Dorothy Gastel, founder of Dorothy's Candies

Dorothy’s Candies nudges workers into technology age

by Kris B. Mamula
Premium content from Pittsburgh Business Times
Date: Friday, September 9, 2011, 6:00am EDT

Handcrafted chocolates have been a tradition at Dorothy’s Candies since founder Dorothy Gastel opened a shop in her McKeesport home in 1947.

Dorothy’s has moved to bigger quarters in White Oak, but each caramel, cherry and fudge nut center is still swirled by hand in a well of melted chocolate. This is a lot of swirling, considering the company ships 75,000 pounds of chocolate every year.

Dorothy’s approach to manufacturing has fostered an artisan pride among employees. The sales and recordkeeping system could’ve also been thought of as artisanal until about eight years ago, said Marti Gastel, co-owner.

Until around 2003, Dorothy’s had two computers, one for paying bills and typing the occasional letter, and another that tracked inventory and could ring up sales, providing the user could memorize hundreds of codes that represented the varieties of chocolates. Part of the problem was a dearth of software tailored to the needs of small businesses.

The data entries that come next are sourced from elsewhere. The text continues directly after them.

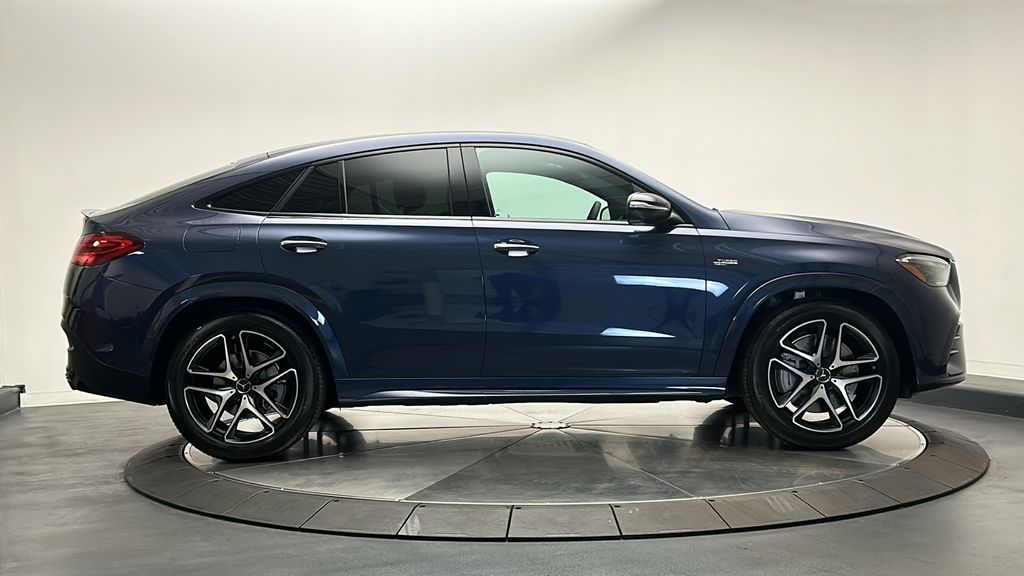 2025 Mercedes-Benz GLE 53 AMG 8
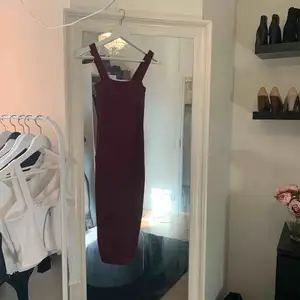 Vinröd klänning i stl S 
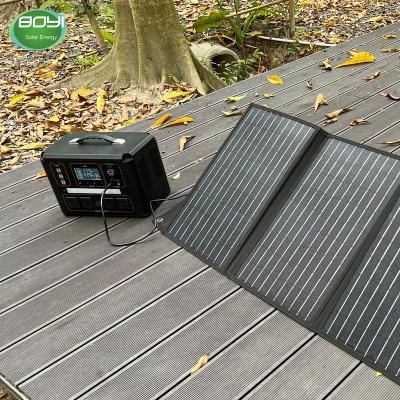 China Type C High Capacity Universal Solar Portable Power Station For Phone Laptop for sale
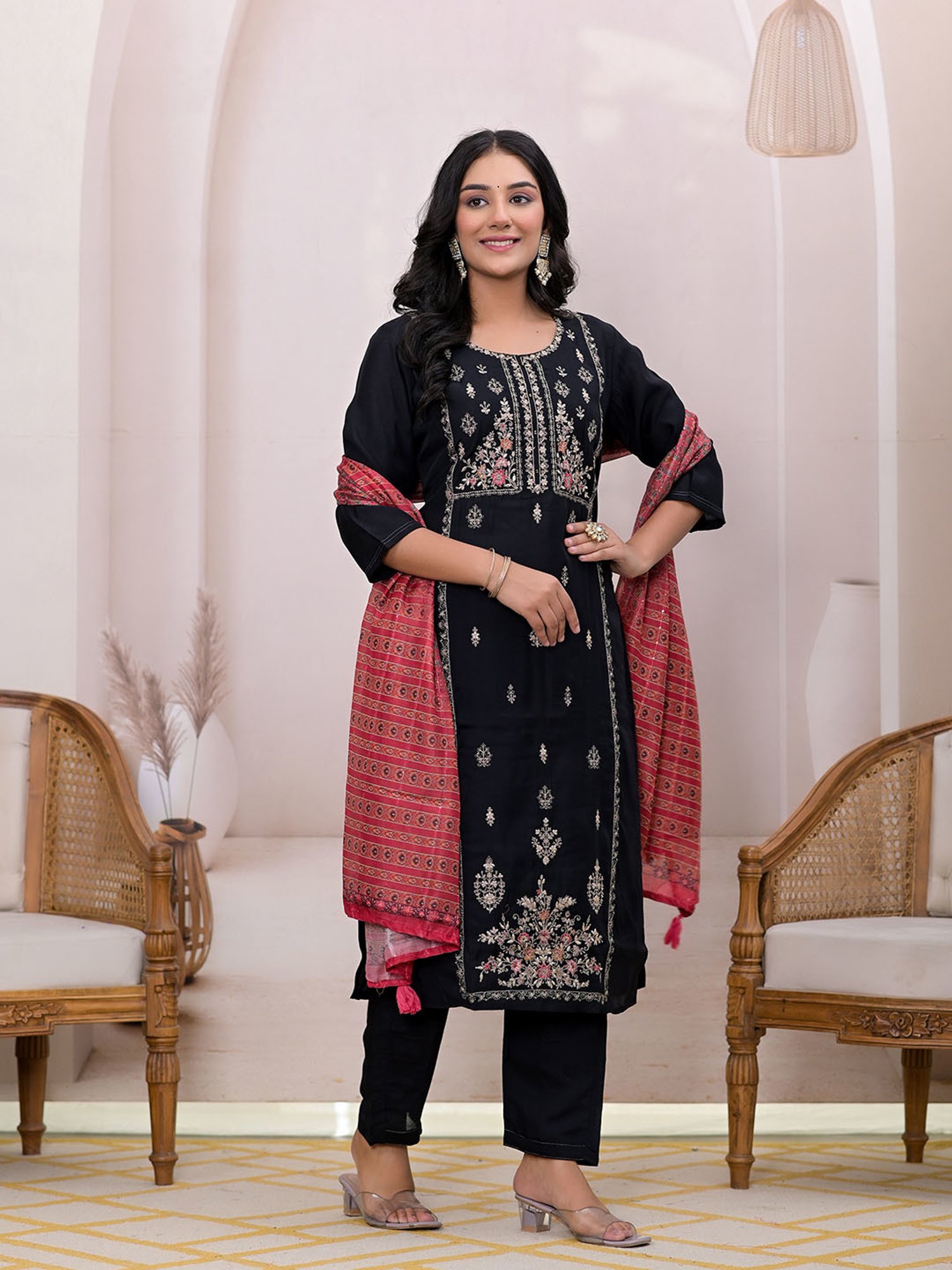Yufta Black Embroidered Kurta With Pant & Dupatta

“People who didn’t know the codes were useless, which created divisions within the workforce,” Gastel said.

An intercom was used to relay special orders to the production area from the store, and customer orders were handwritten on notebook-size, four-ply books with carbon sheets. Order tracking, follow-up, inventory control — none of that was possible.

Gastel and her husband, Robert, found a computer consultant who specialized in programs for small businesses. Going digital was not a hard decision for the owners, but many employees didn’t share the enthusiasm. Some left rather than change.

“People just didn’t want to learn computers,” Gastel said. “Some people thought it threatened their jobs.”

The Gastels developed a strategy for acceptance of computerization. The effort started with a new philosophy — they called them Dorothy’s Principles — which were shared with employees, new and old.

Among the principles were ones valuing individual technical skills and the willingness to teach others. The company also identified workers who took an interest in making the change, then trained them to train others, so the gospel came from coworkers rather than supervisors.

When it came time for the big switch, Gastel had to put away the old order books to encourage use of the new system.

Dorothy’s adopted a point of sale program, and, for the first time, the company could track customer preferences and inventory. Employees began sharing an online calendar to know when jobs were due, and orders were electronically transmitted from call taker to production.

Employees often fear they will be replaced by computers, but the reality is, going digital can allow employees to do what they love most, which in this case is making chocolates, said Jim Merante, president of Monroeville-based Padgett Business Services. Dorothy’s succeeded because management was able to get the staff to understand that.

“Even the smallest advantages are critical for small businesses,” he said.

Computerization was phased in at Dorothy’s over several years, with tweaks continuing even today. But revenue rose 10 percent in recent years and labor costs fell 30 percent compared to the pre-computer days, positioning the company nicely to weather the current tough economy, Gastel said.

Dorothy’s Candies
Specialty chocolate candy manufacturer
Based: White Oak
Founded: 1947
Employees: 4 full-time; up to 40, including seasonal workers
Revenue: $1 million
Challenge: Overcoming staff resistance can be a challenge for a small company seeking to computerize sales, manufacturing and warehousing operations.
Solution: Fostering a work culture that values computer skills while identifying and encouraging employees who will champion the transition can help overcome employee resistance.